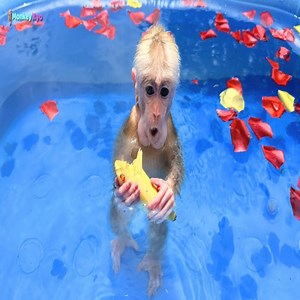 40K views · 1.2K reactions | Kyo shows off her swimming skills and super cute outfit choices! . . . #babymonkeycutis #monkeyphoto #BiBi #cutis #reelsviral #monkeys #monkey #reel #viral #fyp #usa #reelfb #funny #tiktok #babymonkey #Shorts #kaka #Familykaka #lovely #animals #cute #baby #JicJic #nana #monkeynana | Slingshot ride | Facebook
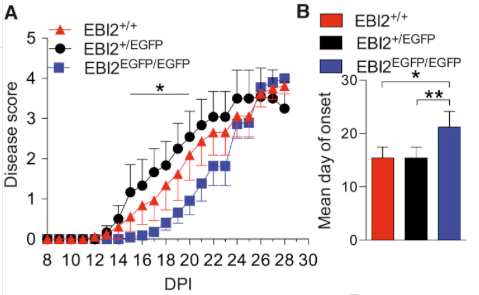 mmw_lmw's tweet photo. Mediator of #AutoImmunity in the #CNS: #EBI2 in TH17 cells promotes migration | Kurschus @uni_Mainz @CellReports https://t.co/fonvD8Ynig https://t.co/ldvKtfkrTl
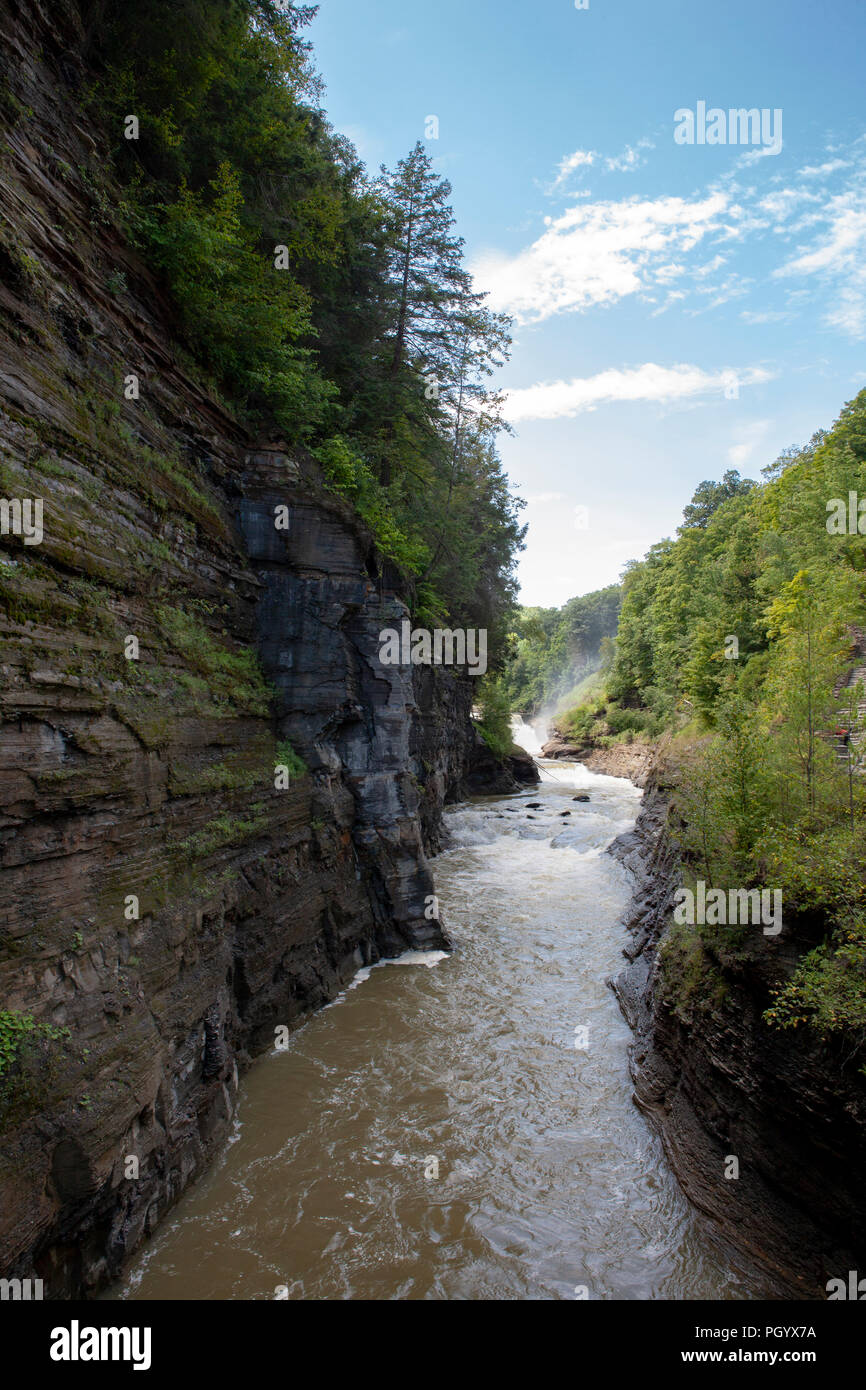 Die Genesee River fließt durch eine Schlucht in Letchworth State Park in Kastilien, NY, USA. Stockfoto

§

TO DO.
Starting at the line that holds "mmw_lmw's tweet photo.", copy each line exactly through the end of the listing, both ends included. Leave the pictures out.

YOUR SOLUTION.
 mmw_lmw's tweet photo. Mediator of #AutoImmunity in the #CNS: #EBI2 in TH17 cells promotes migration | Kurschus @uni_Mainz @CellReports https://t.co/fonvD8Ynig https://t.co/ldvKtfkrTl
 Die Genesee River fließt durch eine Schlucht in Letchworth State Park in Kastilien, NY, USA. Stockfoto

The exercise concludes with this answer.